The steamboat Jenny Lind was a ferry that exploded in San Francisco Bay on April 11, 1853 while on course to San Francisco from Alviso, California, killing many residents of Alviso and San Jose. The boiler exploded as the steamboat passed the Redwood City inlet (about ), minutes after dinner was called for the passengers. The worst of the casualties were among the women and children who were seated first at dinner. At least 31 people were killed.

== History ==
Built in San Francisco in 1850, the Jenny Lind was named for Swedish opera singer Jenny Lind, made famous in the United States by PT Barnum. The destruction of the Jenny Lind was a major reason for building the San Francisco and San Jose Railroad.

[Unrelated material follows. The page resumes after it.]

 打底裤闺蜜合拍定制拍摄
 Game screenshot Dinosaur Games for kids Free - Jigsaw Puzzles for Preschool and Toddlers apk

== Victims of the Jenny Lind Explosion ==
- Thomas Godden, land owner in Santa Clara County and second husband of Maria Encarnacion Ortega de Sanchez
- Jacob David Hoppe, contributing founder of The Daily Alta California, signatory of the Constitution of California and first postmaster for San Jose
- Thomas J. Kell (1829–1853), nephew of Bernard Murphy
- Bernard Murphy (1818–1853), the son of Martin Murphy Sr., a pioneer of California and a Santa Clara County land owner
- Noah Ripley, prominent San Francisco resident
- Christopher A. Shelton, botanist who brought first beehive to San Jose.
- Thomas W. White, second mayor of the Pueblo of San Jose.